In der frühen Neuzeit war Erfurt nicht nur Tummelplatz für humanistische Dichter und Anhänger der Reformation. Johannes Cochlaeus (1479–1552), Autor von geographischen Beschreibungen Deutschlands, nimmt in seiner »Breivus Germaniae description« von 1512 direkt Bezug auf die aktuelle, durch die Ereignisse des »Tollen Jahres« erschütterte, Lage Erfurts:
Die Hauptstadt ist Erfurt, eine große Stadt, die jetzt durch ein Unglück schwer zu leiden hat, einst eine herrliche und reiche Stadt, eine Zierde des ganzen Landes und noch jetzt Pflegestätte der Freien Künste. Wem sie gehorchen soll, ist ihr unklar, da der Bischof von Mainz und der Herzog von Sachsen darüber uneinig sind.
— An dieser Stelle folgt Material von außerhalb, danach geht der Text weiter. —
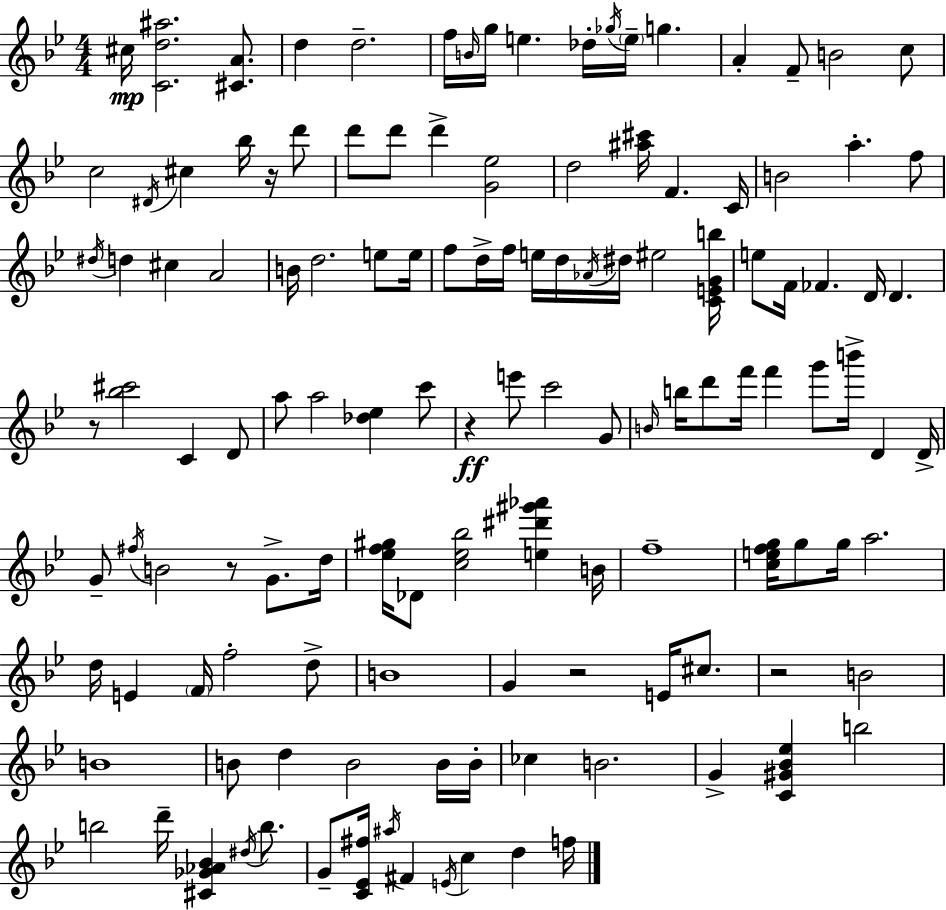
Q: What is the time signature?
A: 4/4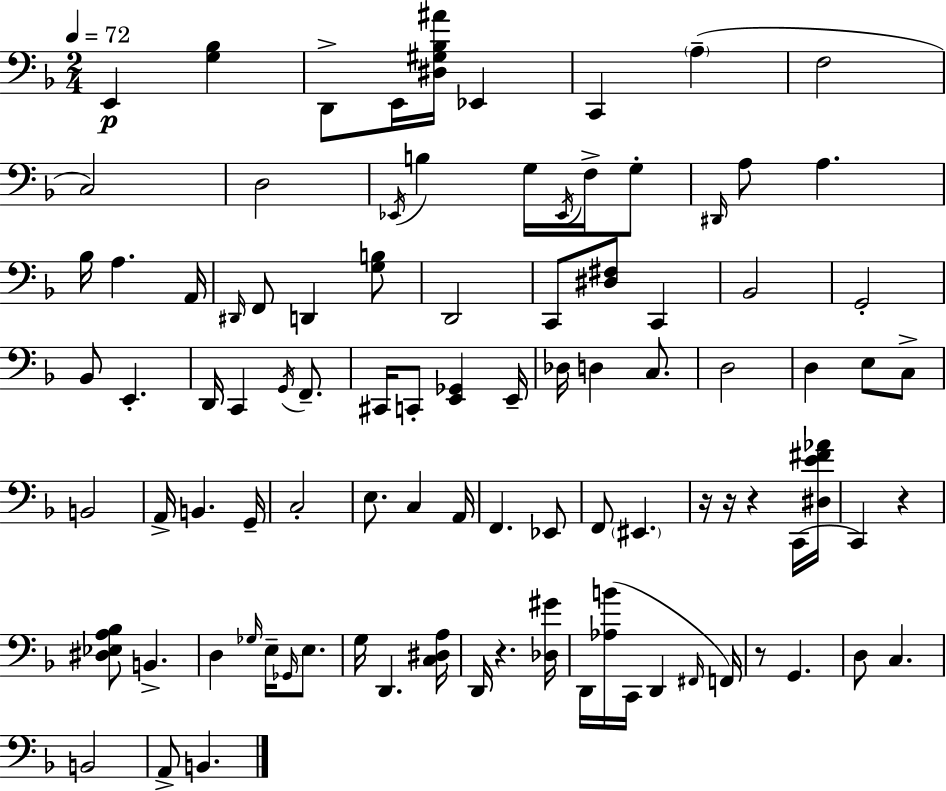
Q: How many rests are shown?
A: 6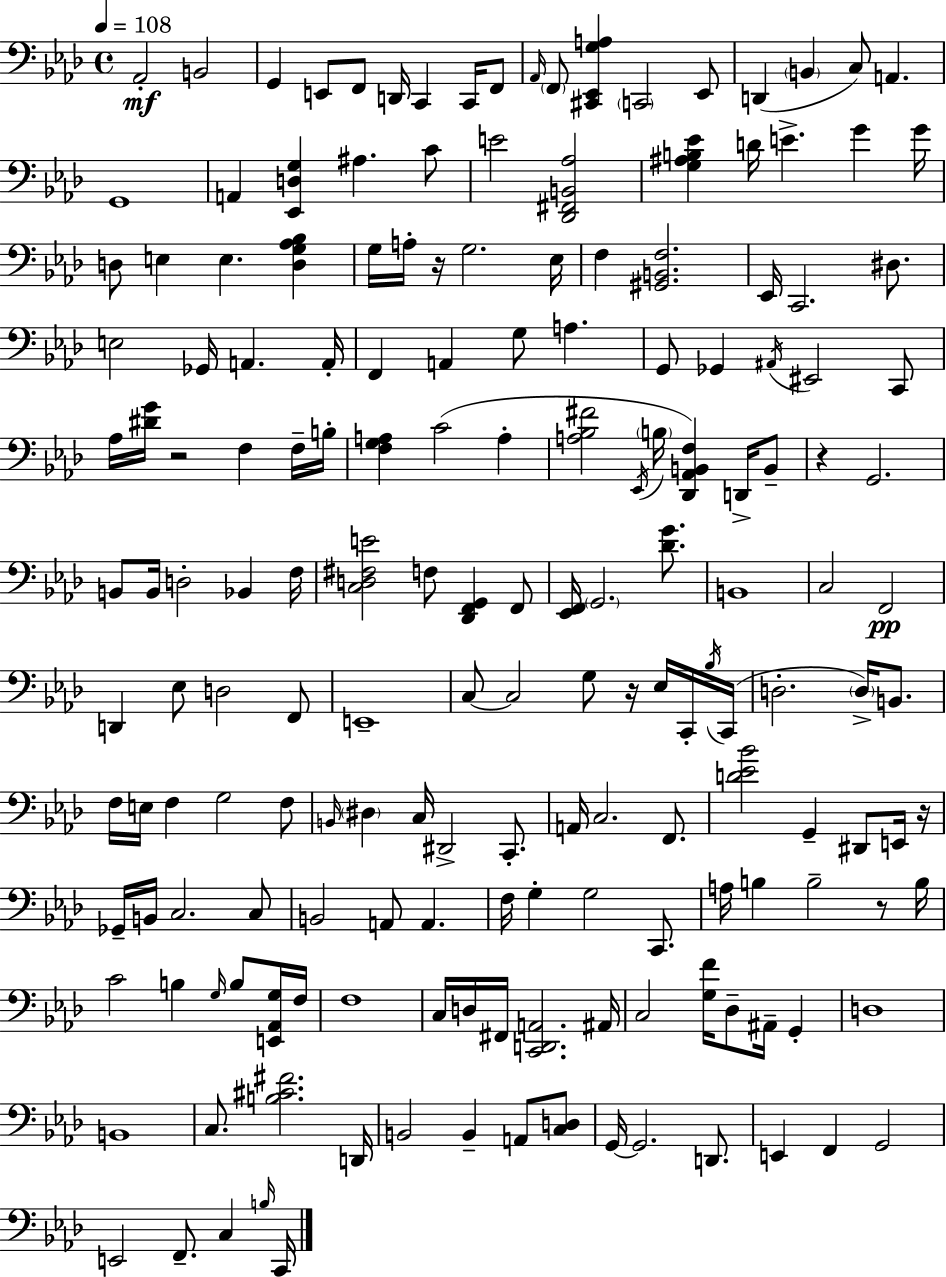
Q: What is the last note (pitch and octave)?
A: C2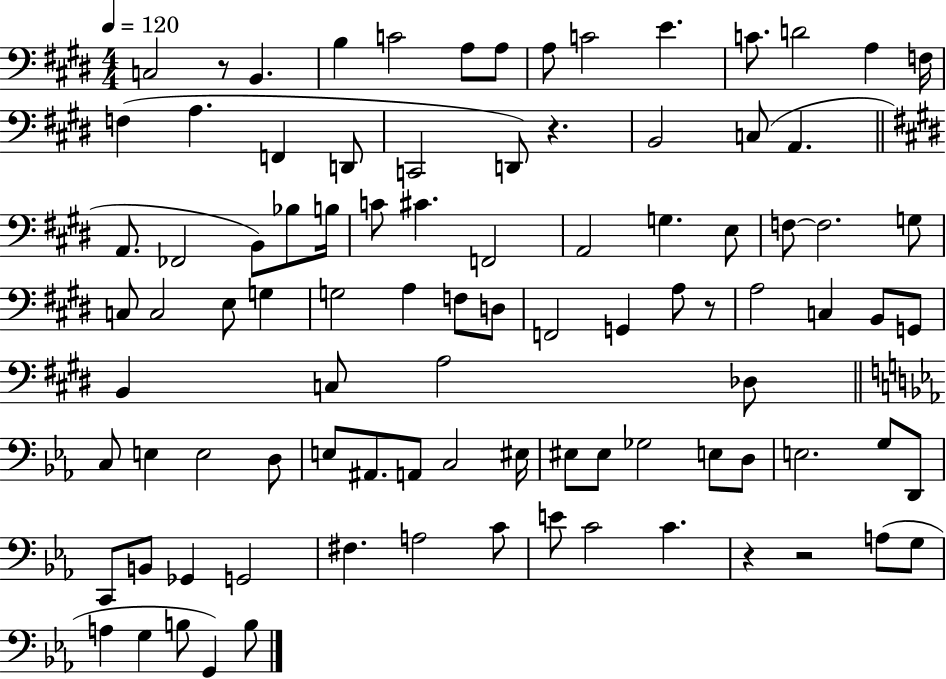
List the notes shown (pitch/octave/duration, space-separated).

C3/h R/e B2/q. B3/q C4/h A3/e A3/e A3/e C4/h E4/q. C4/e. D4/h A3/q F3/s F3/q A3/q. F2/q D2/e C2/h D2/e R/q. B2/h C3/e A2/q. A2/e. FES2/h B2/e Bb3/e B3/s C4/e C#4/q. F2/h A2/h G3/q. E3/e F3/e F3/h. G3/e C3/e C3/h E3/e G3/q G3/h A3/q F3/e D3/e F2/h G2/q A3/e R/e A3/h C3/q B2/e G2/e B2/q C3/e A3/h Db3/e C3/e E3/q E3/h D3/e E3/e A#2/e. A2/e C3/h EIS3/s EIS3/e EIS3/e Gb3/h E3/e D3/e E3/h. G3/e D2/e C2/e B2/e Gb2/q G2/h F#3/q. A3/h C4/e E4/e C4/h C4/q. R/q R/h A3/e G3/e A3/q G3/q B3/e G2/q B3/e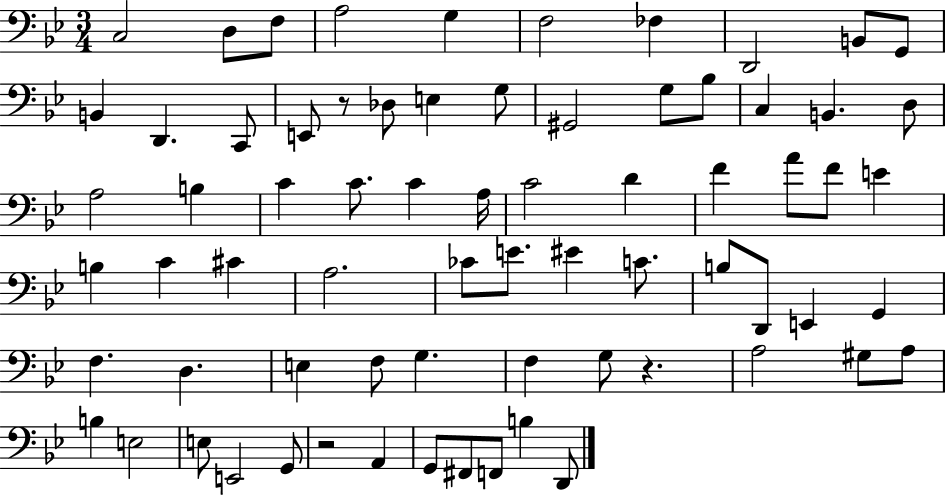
{
  \clef bass
  \numericTimeSignature
  \time 3/4
  \key bes \major
  c2 d8 f8 | a2 g4 | f2 fes4 | d,2 b,8 g,8 | \break b,4 d,4. c,8 | e,8 r8 des8 e4 g8 | gis,2 g8 bes8 | c4 b,4. d8 | \break a2 b4 | c'4 c'8. c'4 a16 | c'2 d'4 | f'4 a'8 f'8 e'4 | \break b4 c'4 cis'4 | a2. | ces'8 e'8. eis'4 c'8. | b8 d,8 e,4 g,4 | \break f4. d4. | e4 f8 g4. | f4 g8 r4. | a2 gis8 a8 | \break b4 e2 | e8 e,2 g,8 | r2 a,4 | g,8 fis,8 f,8 b4 d,8 | \break \bar "|."
}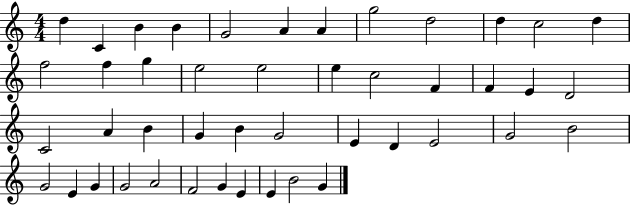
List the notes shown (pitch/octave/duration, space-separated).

D5/q C4/q B4/q B4/q G4/h A4/q A4/q G5/h D5/h D5/q C5/h D5/q F5/h F5/q G5/q E5/h E5/h E5/q C5/h F4/q F4/q E4/q D4/h C4/h A4/q B4/q G4/q B4/q G4/h E4/q D4/q E4/h G4/h B4/h G4/h E4/q G4/q G4/h A4/h F4/h G4/q E4/q E4/q B4/h G4/q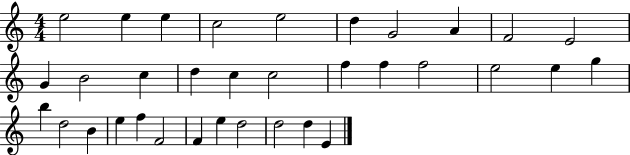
X:1
T:Untitled
M:4/4
L:1/4
K:C
e2 e e c2 e2 d G2 A F2 E2 G B2 c d c c2 f f f2 e2 e g b d2 B e f F2 F e d2 d2 d E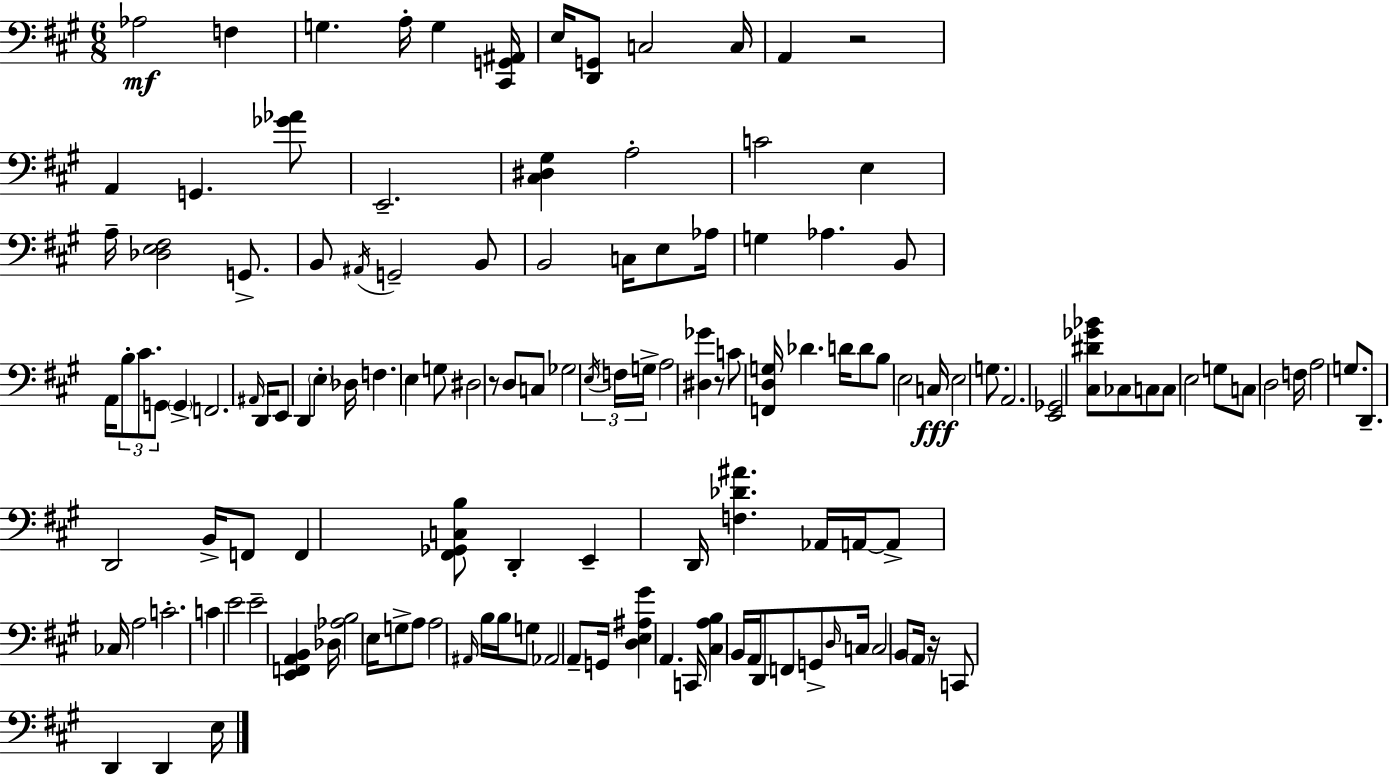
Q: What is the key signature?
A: A major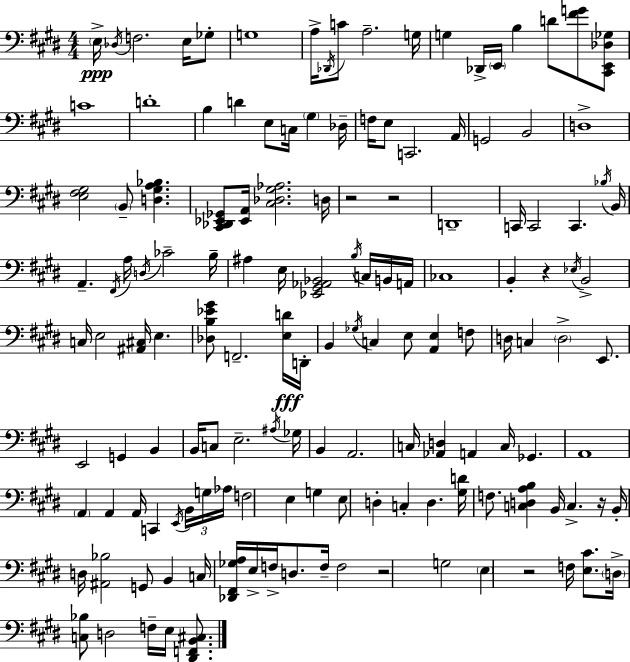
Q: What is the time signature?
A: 4/4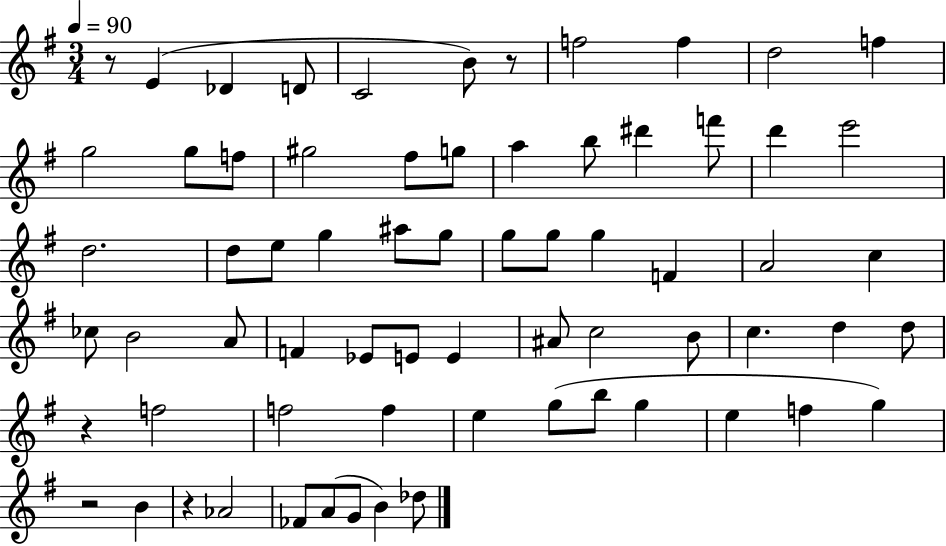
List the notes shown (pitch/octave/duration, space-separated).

R/e E4/q Db4/q D4/e C4/h B4/e R/e F5/h F5/q D5/h F5/q G5/h G5/e F5/e G#5/h F#5/e G5/e A5/q B5/e D#6/q F6/e D6/q E6/h D5/h. D5/e E5/e G5/q A#5/e G5/e G5/e G5/e G5/q F4/q A4/h C5/q CES5/e B4/h A4/e F4/q Eb4/e E4/e E4/q A#4/e C5/h B4/e C5/q. D5/q D5/e R/q F5/h F5/h F5/q E5/q G5/e B5/e G5/q E5/q F5/q G5/q R/h B4/q R/q Ab4/h FES4/e A4/e G4/e B4/q Db5/e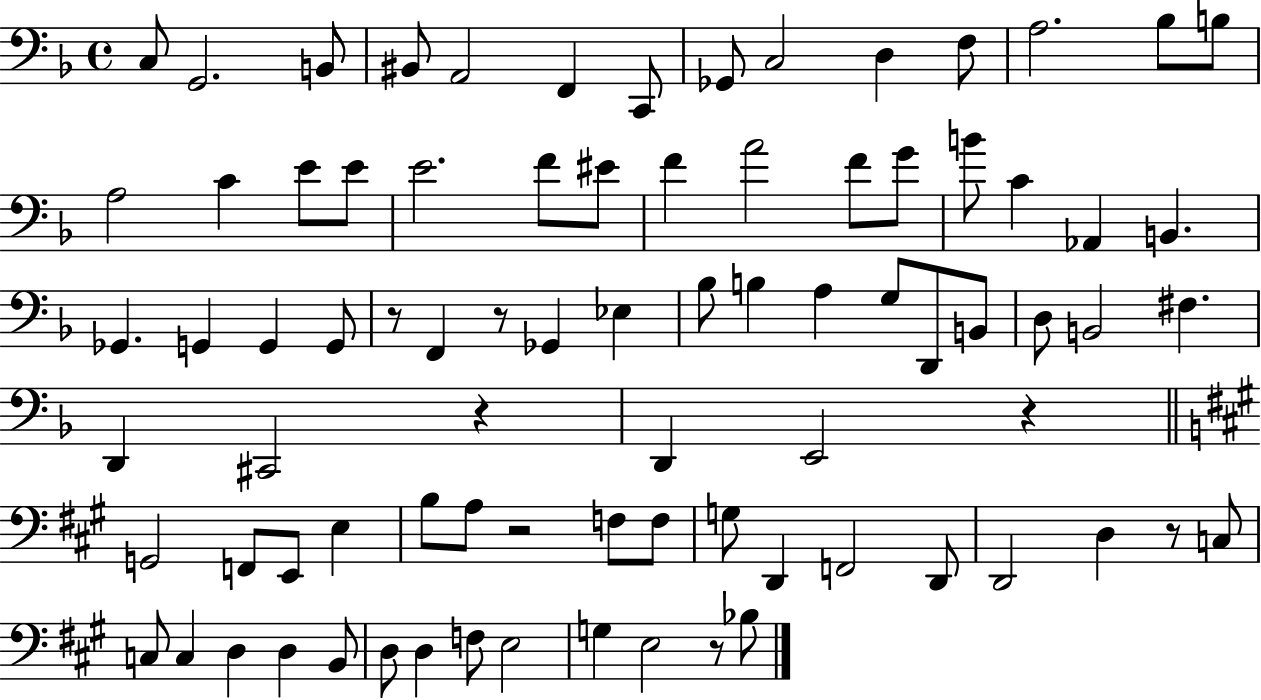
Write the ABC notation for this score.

X:1
T:Untitled
M:4/4
L:1/4
K:F
C,/2 G,,2 B,,/2 ^B,,/2 A,,2 F,, C,,/2 _G,,/2 C,2 D, F,/2 A,2 _B,/2 B,/2 A,2 C E/2 E/2 E2 F/2 ^E/2 F A2 F/2 G/2 B/2 C _A,, B,, _G,, G,, G,, G,,/2 z/2 F,, z/2 _G,, _E, _B,/2 B, A, G,/2 D,,/2 B,,/2 D,/2 B,,2 ^F, D,, ^C,,2 z D,, E,,2 z G,,2 F,,/2 E,,/2 E, B,/2 A,/2 z2 F,/2 F,/2 G,/2 D,, F,,2 D,,/2 D,,2 D, z/2 C,/2 C,/2 C, D, D, B,,/2 D,/2 D, F,/2 E,2 G, E,2 z/2 _B,/2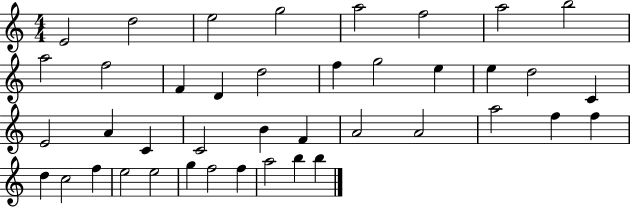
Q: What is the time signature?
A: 4/4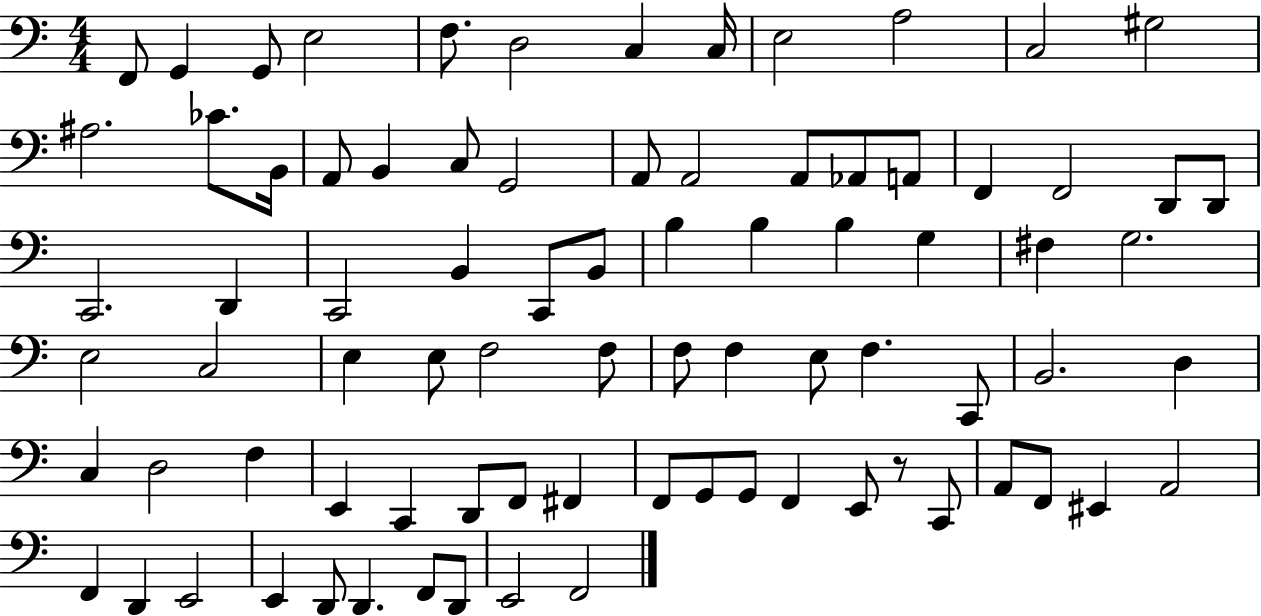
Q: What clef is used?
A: bass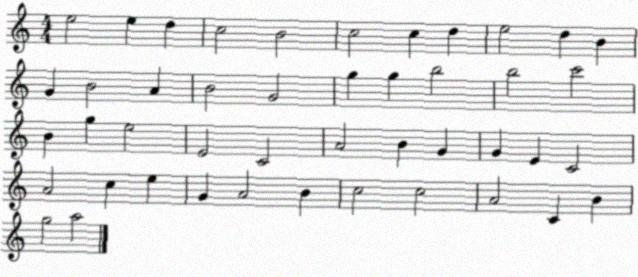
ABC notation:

X:1
T:Untitled
M:4/4
L:1/4
K:C
e2 e d c2 B2 c2 c d e2 d B G B2 A B2 G2 g g b2 b2 c'2 B g e2 E2 C2 A2 B G G E C2 A2 c e G A2 B c2 c2 A2 C B g2 a2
Erst Lehrer, später Gegner Luthers war der Philosoph und Theologe Bartholomäus Arnoldi (1465–1532). Mit seinem »Compendium der Logik« hatte er großen Einfluss beim Reformator. Die bis 1518 erhaltene Freundschaft zu seinem Schüler verkehrte sich in eine verbissene Gegnerschaft, die Arnoldi in heftigen Streitschriften gegen die Einführung der Reformation in Erfurt austrug.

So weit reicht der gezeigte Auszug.